▶ **WORK REQUEST**: Restate the data below word for word, and let no image into your version.

▶ **AVAILABLE DATA**:

───

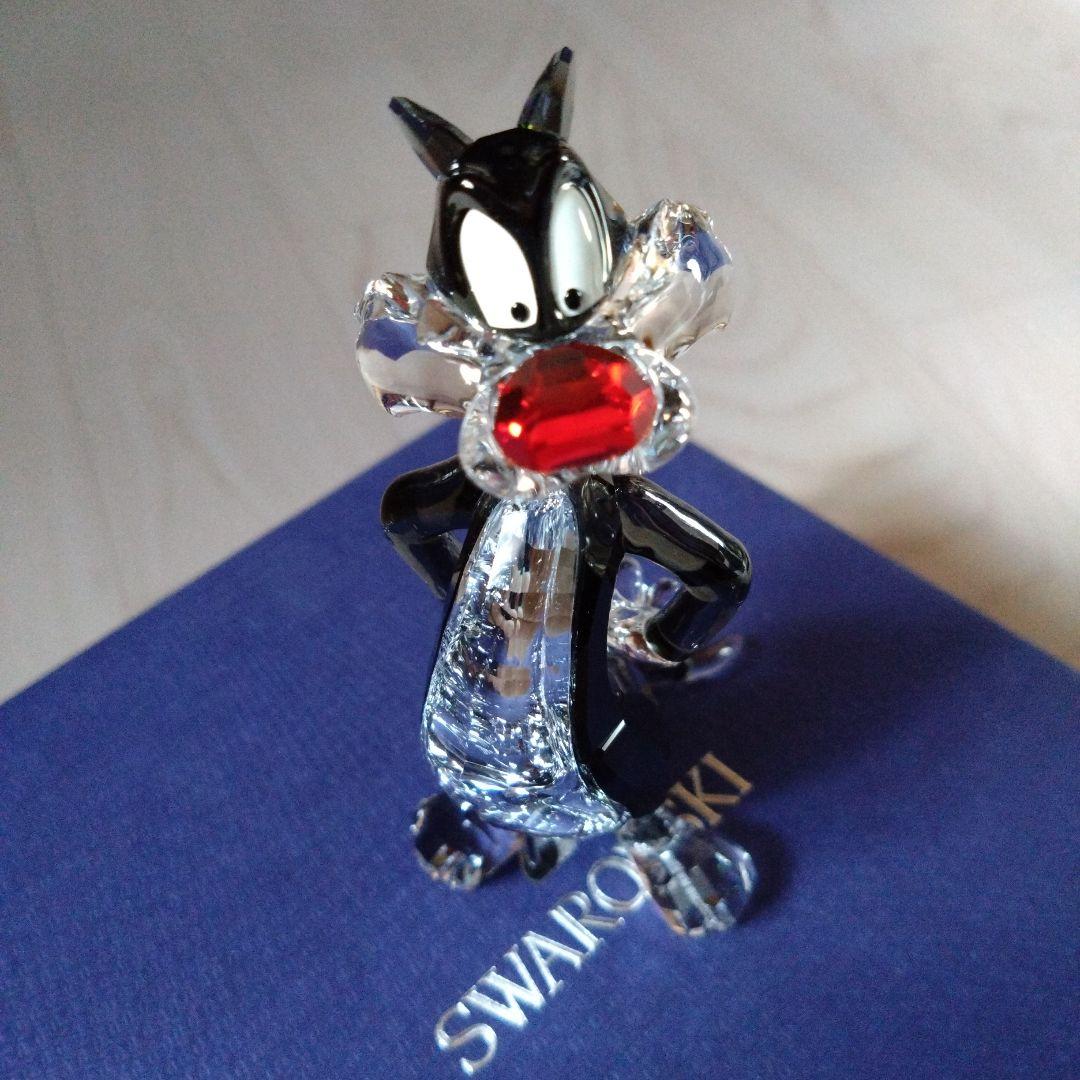 Swarovski シルベスター 置物 約10cm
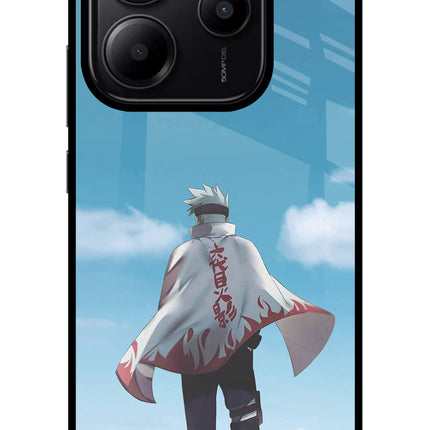 Kakashi Redmi Note 14 5G Glass Case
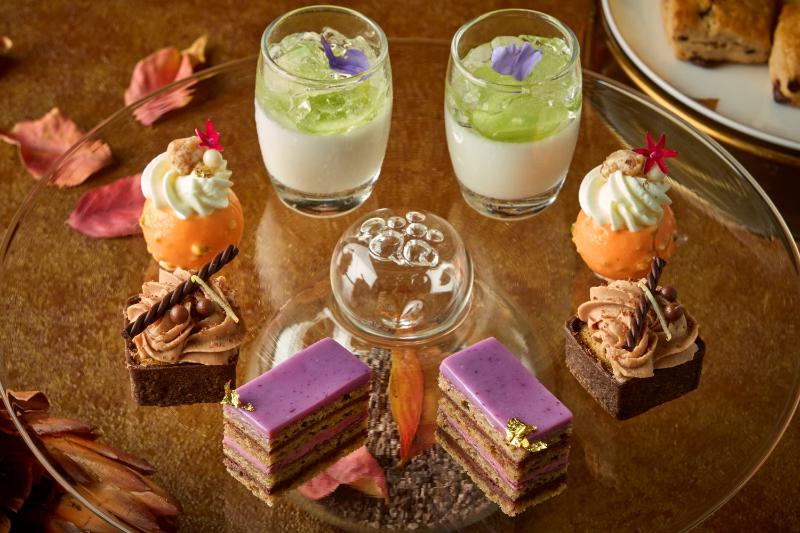 秋薫るショコラアフタヌーンティー with リンツチョコレートの画像2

───

▶ **RESULT OF THIS TASK**:
 Swarovski シルベスター 置物 約10cm
 Kakashi Redmi Note 14 5G Glass Case
 秋薫るショコラアフタヌーンティー with リンツチョコレートの画像2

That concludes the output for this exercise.